Internal-company interest and capacity: These conditions will enable or constrain your collective action engagement options. They speak to the basics of whether your organization can support effective convening and involvement at the desired level of engagement. Low interest (buy-in) among key staff, limited time or financial resources, or a strong organizational culture of independence can substantially inhibit the available engagement options. Answering the following three questions will more specifically profile your internal capability to support the desired level of collective action engagement.
- What level of commitment (time, money, and responsiveness) exists in support of the collective action effort? More engaged forms of collective action—collaborative and integrative—will require high commitments of time, financial resources, and responsiveness. In particular, an organization’s capacity to be responsive to the interests and needs of other participants must be aligned with the collective action engagement selected. Collaborative and integrative processes will create and have high participant expectations for responsiveness in the form of joint decision making, the adjustment of individual objectives to accommodate the interests of others, and the establishment of a shared sense of common purpose going forward.

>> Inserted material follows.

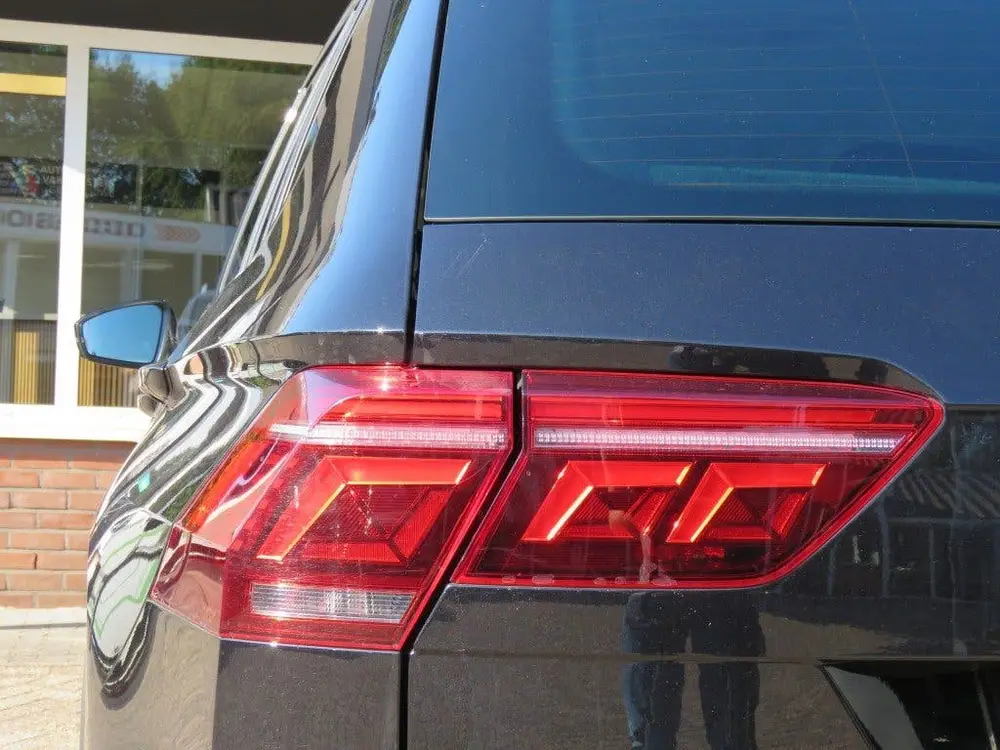 Volkswagen Tiguan 1.4 TSI 245pk eHybrid Elegance / Head Up / uit 2023, foto 19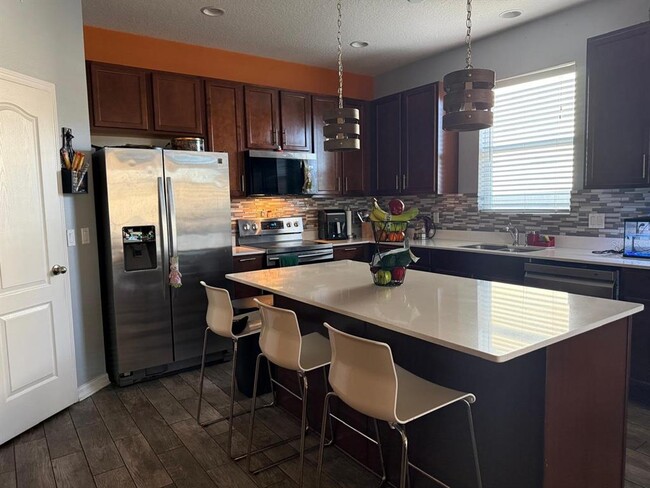 Building Photo - 12148 Prairie Plantation Wy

- What is the current quality of the relationships with the parties that are affected by pursuit of the objectives? Effective collective action, particularly the more engaged forms, requires a strong sense of trust among participants, and a willingness to understand other parties’ interests and make compromises when needed. Relationships can range from high trust and cooperation to low trust and hostility, and these conditions will affect at least the starting point for collective action activities.
- What level of experience exists with collective action initiatives? Collective action initiation and management often requires the development of new staff skills and capabilities, along with the refinement of these through experience working with external parties. An organization with limited collective action experience will most likely be ill-prepared to initiate a complex, multi-interest, consensus-oriented collective action, and will run the risk of inadvertently undermining working relationships.